Diabetes, Hypertension, and Depression Treatments Vary by Location

June 29th 2016
Jennifer G. Allen
Jennifer G. Allen

Patients with certain chronic conditions often receive different treatments depending on where they live, results of a new analysis have revealed.

Patients with certain chronic conditions often receive different treatments depending on where they live, results of a new analysis have revealed.

The Observational Health Data Sciences and Informatics (OHDSI) project used patient data from 250 million individuals from 4 countries (the United States, Japan, the United Kingdom, and South Korea) to investigate how treatment pathways for type 2 diabetes (T2D), hypertension, and depression may vary by location across large, diverse populations. Investigators assessed treatment data from the patients’ initial diagnosis through their first 3 years of therapy.

Across the 3 common conditions studied, first-line treatments for T2D were the most homogenous. Three-quarters of patients with T2D initially received the oral medication metformin, and it remained the only diabetes medication for 29% of patients. Meanwhile, secondary treatments for T2D varied greatly.

Hypertension treatments were more varied. Lisinopril was the most common choice as a single therapy. Hydrochlorothiazide was predominant as a starting medication, but it was rarely a sole therapy.

In the depression cohort, no single drug stood out as the most commonly prescribed, and all choices fell within a relatively narrow band of 6 classes. This could be explained by a relative lack of concrete treatment guidelines.

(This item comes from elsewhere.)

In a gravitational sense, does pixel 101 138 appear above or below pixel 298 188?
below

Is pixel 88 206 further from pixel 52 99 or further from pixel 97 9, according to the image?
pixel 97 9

Notably, 10% of patients with T2D, 24% of patients with hypertension, and 11% of patients with depression were found to have a treatment pathway that was shared with no one else.

Treatment patterns varied by site, sometimes by country, and sometimes by practice type—suggesting that treatment plans might not be generalizable across all patient populations and settings.

“The world is moving toward more consistent therapy over time across diseases and across locations. Nevertheless, outliers [highlight] the danger of drawing broad inference from single-site or even single-country observational studies,” the authors concluded.

For now, clinicians should keep in mind that drug regimens for T2D, high blood pressure, and depression aren’t always one-size-fits-all. Therefore, it’s highly important for clinicians to review a patient’s medical records and treatment history and to collaborate with the primary care physician when developing individualized management plans.